A Joint venture is an arrangement in which 2 or more individuals /companies / partnership firms /corporations/legal entities come together to undertake an economic or research activity by entering into an agreement. The parties agree to create a new entity by contributing capital and share income, expenses, liabilities and control in newly formed entity.
There is no restriction for entering into a Joint Venture in India, except for capacity to contract under the law. Any person competent to contract, a company, partnership firm or a corporation can enter into a Joint Venture in India.
There are no separate laws for joint ventures in India. The companies incorporated in India, even with up to 100% foreign equity, are treated as same as domestic companies. A Joint Venture can be formed in any of the business entities available in India. It can be in the form of partnership firm , corporation or any other business entity which the parties may choose.
A Joint Venture can be formed for any lawful business purpose. Joint Ventures are mainly formed for the purpose of technology transfer, research and development, supply of technological know-how etc. Interestingly, the foreign companies mainly form Joint Venture for gaining market access in a particular country.
There is no specific procedure for forming a Joint Venture except for negotiations, due diligence and signing a joint venture agreement, apart from what the parties decide to follow. Joint Ventures are limited to the purpose for which they are formed. They can be in the form of partnership firm or company as decided by the parties. In case of Joint Ventures in form of a company, there has to be provisions for transfer and allotment of shares between the entities entering into the Joint Venture. In case of Joint Ventures with foreigners and foreign companies, necessary approval is required.
Any Joint Venture requires a partner, so there has to be two or more partners for forming a Joint Venture.

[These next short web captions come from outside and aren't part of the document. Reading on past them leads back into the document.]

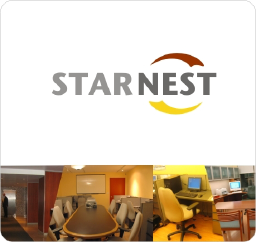 Starnest logo, Starnest contact details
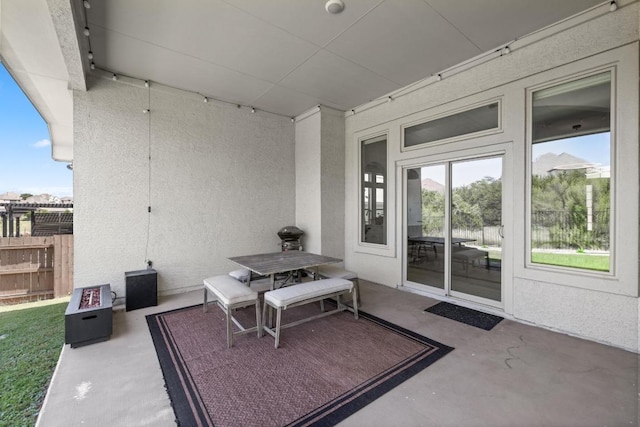 108 Panzano Dr, Georgetown, TX 78628 - view of patio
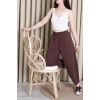 Gabardin Şalvar Pantolon Kahve - 2314015.483.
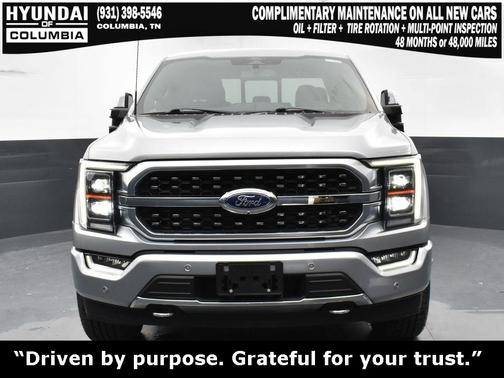 2022 Ford F-150 Platinum
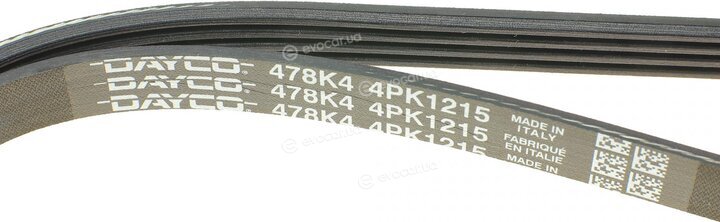 Dayco 4PK1215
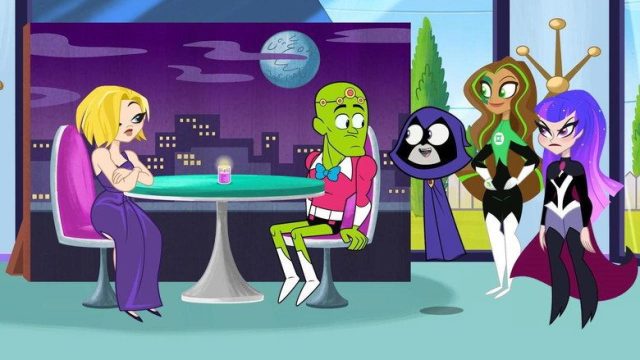Los Jóvenes Titanes en acción S07E11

The objective and purpose of the undertaking are agreed upon and a Memorandum of Understanding or a Letter of Intent is signed by the parties deciding the basis of the future Joint Venture agreement. The Joint Venture Agreement is entered into between the parties on the terms as agreed upon between the parties. It is advised that the Memorandum of Understanding and the Joint Venture Agreement are prepared by lawyers or Chartered Accountants as Joint Venture agreements at times involve complexities. Before signing the Joint Venture agreement, the terms should be thoroughly discussed and negotiated to avoid any misunderstanding of the rights and liabilities of the parties and other issues at a later stage.

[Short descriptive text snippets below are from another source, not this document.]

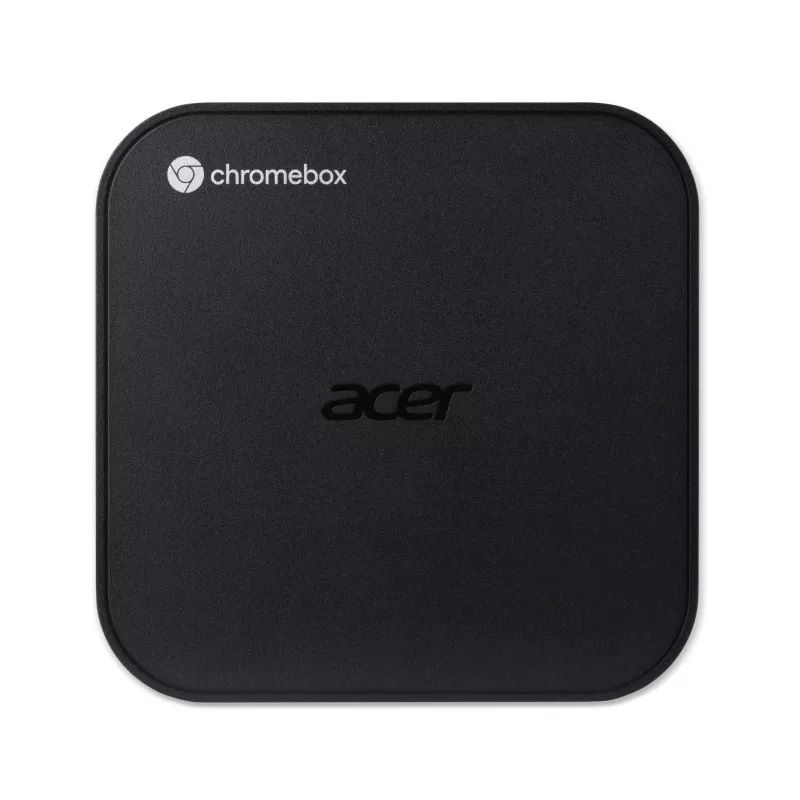 Acer Chromebox CXI6 i5528 Intel Core 5 120U 8 GB DDR4-SDRAM 256 GB SSD ChromeOS Mini PC preto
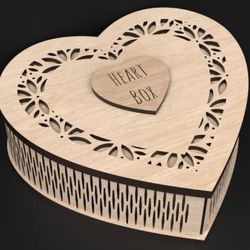 NEW! Heart Shaped Box ❤️ 📦,  Great Gift. Customize The Message. Tell Us What You Want It To Say.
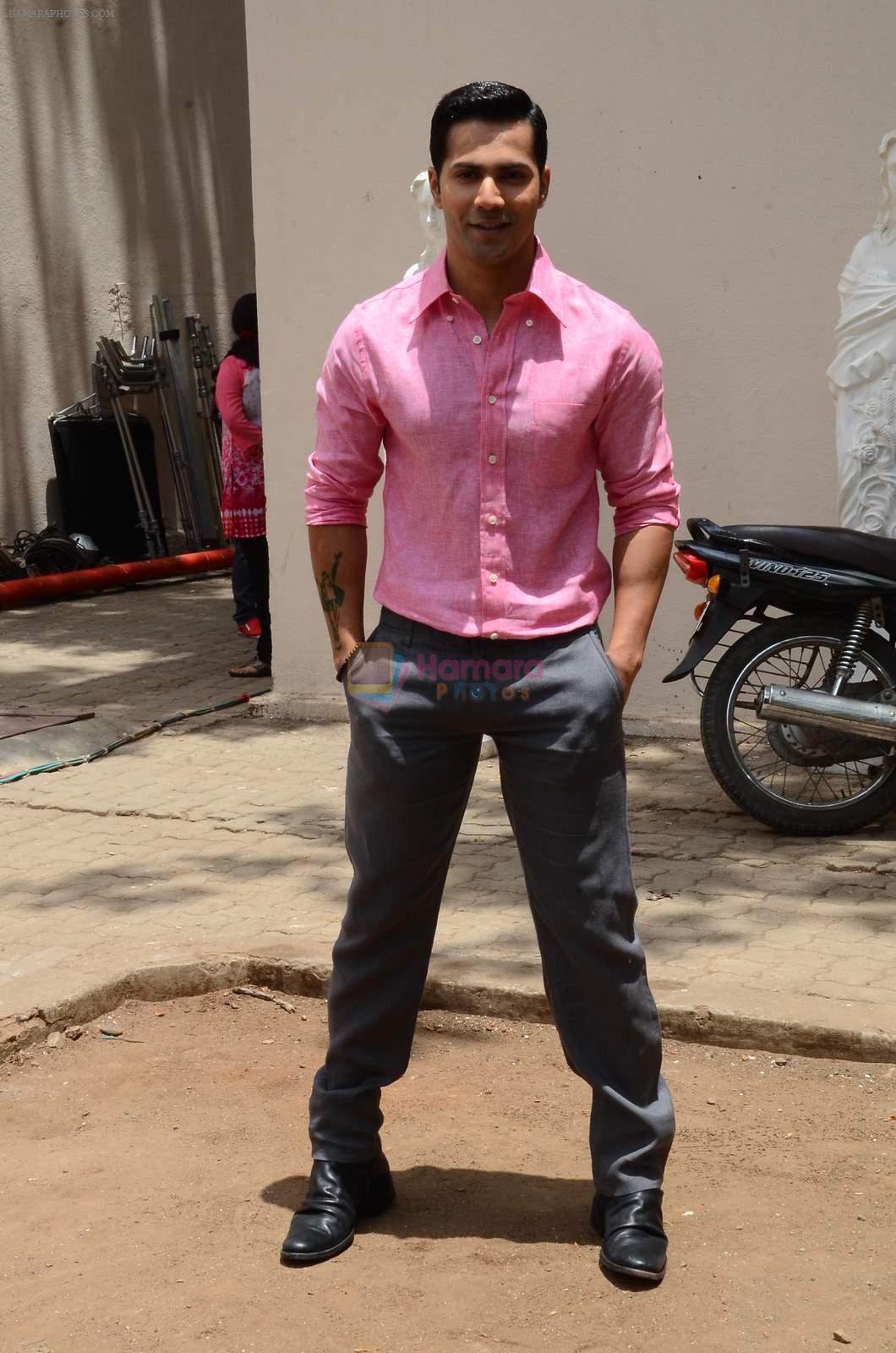 Varun Dhawan photoshoot for the film ABCD in Mumbai on 27th May 2015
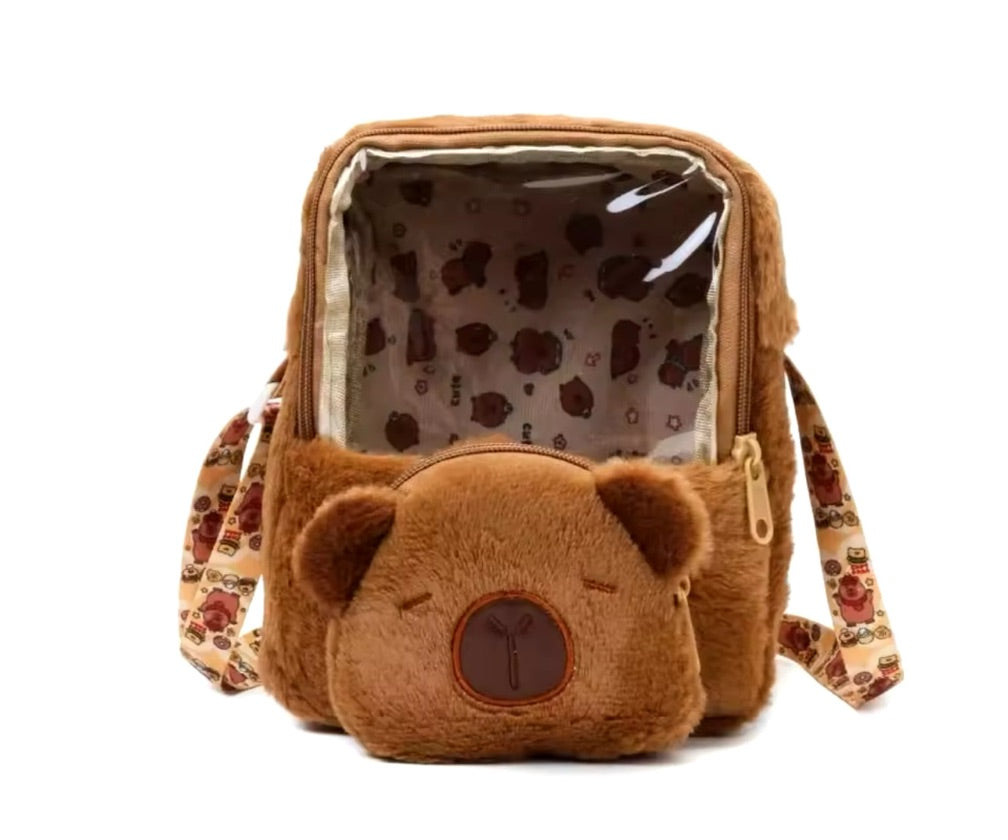 Lonchera Capibara Peluche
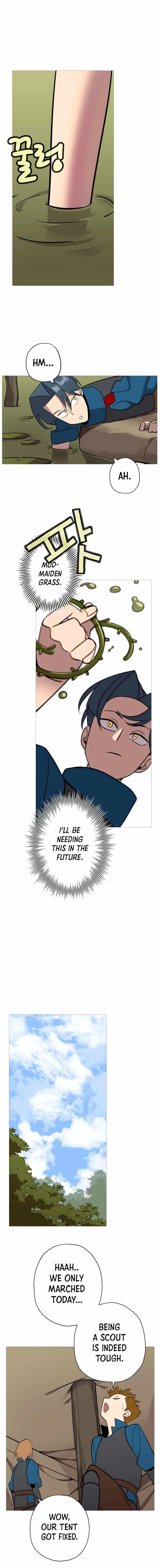 The Story of a Low-Rank Soldier Becoming a Monarch Chapter 7 page 8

Any person/company/partnership firm/corporation while entering into a Joint Venture must keep the following things in mind:
a. Screening of prospective partners.
b. Joint development of a detailed business plan.
c. Due diligence of other parties.
d. Terms of dissolution of the Joint Venture.
e. Appropriate structure of Joint Venture e.g. partnership, company etc.
f. Contribution of assets made and to be made in the Joint Venture by each party.
g. Special allocations of income, gain, loss or deduction to be made among the partners
h. Compensation to the members providing services, and
i. Jurisdiction and dispute resolution procedure relating to Joint Venture.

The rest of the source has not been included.